• RECORD EXTRACTS
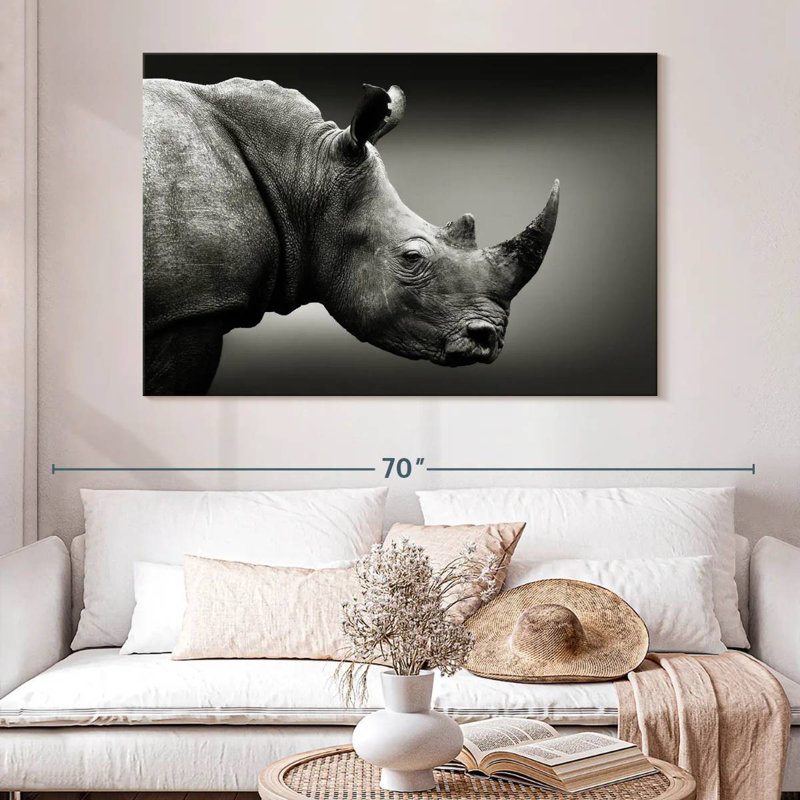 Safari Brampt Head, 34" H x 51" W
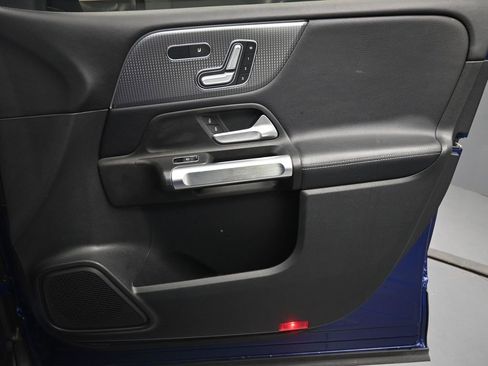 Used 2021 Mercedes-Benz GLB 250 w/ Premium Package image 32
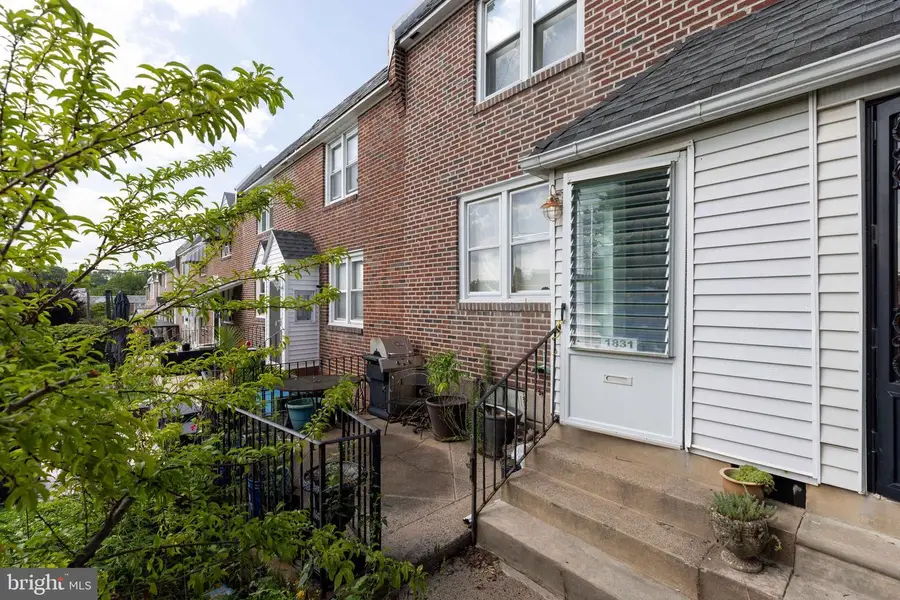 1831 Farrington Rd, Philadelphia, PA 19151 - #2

==

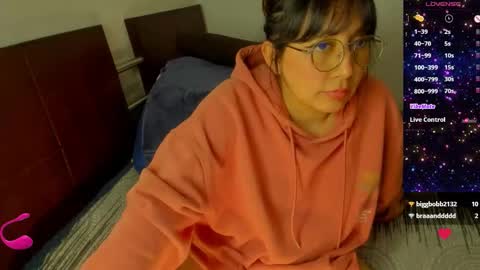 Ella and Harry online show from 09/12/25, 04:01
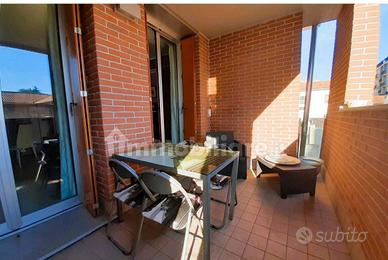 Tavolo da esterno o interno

* * *

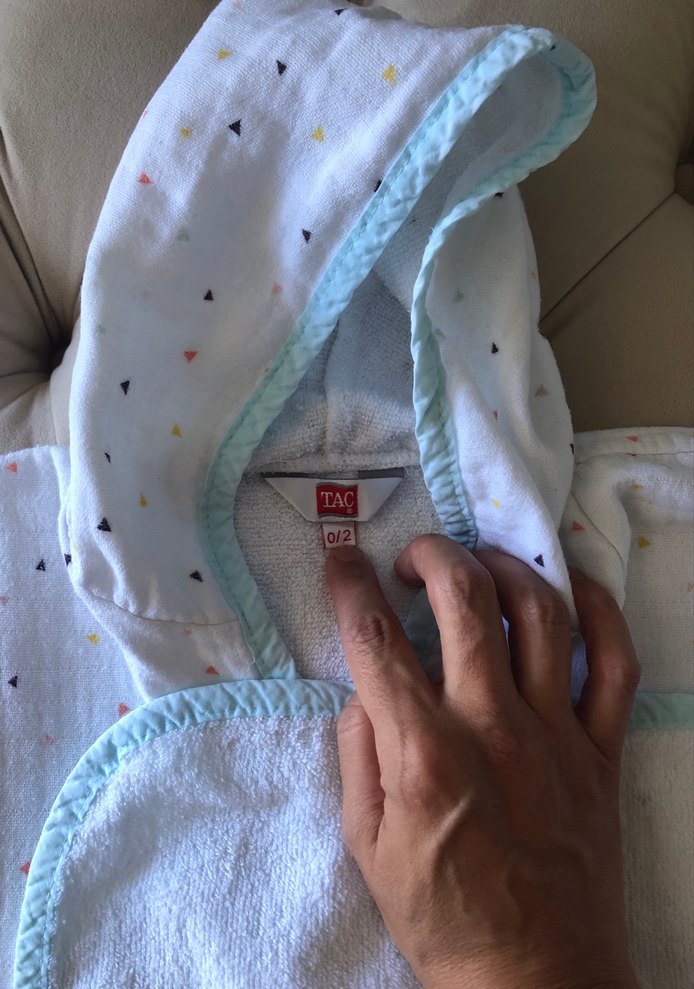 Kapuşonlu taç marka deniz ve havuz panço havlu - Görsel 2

• EXERCISE BRIEF
From the records above, output only the lines starting at the one containing "Ella and Harry" and ending at the one containing "Tavolo da esterno o interno", word for word. Pictures stay out.

• EXERCISE RESPONSE
 Ella and Harry online show from 09/12/25, 04:01
 Tavolo da esterno o interno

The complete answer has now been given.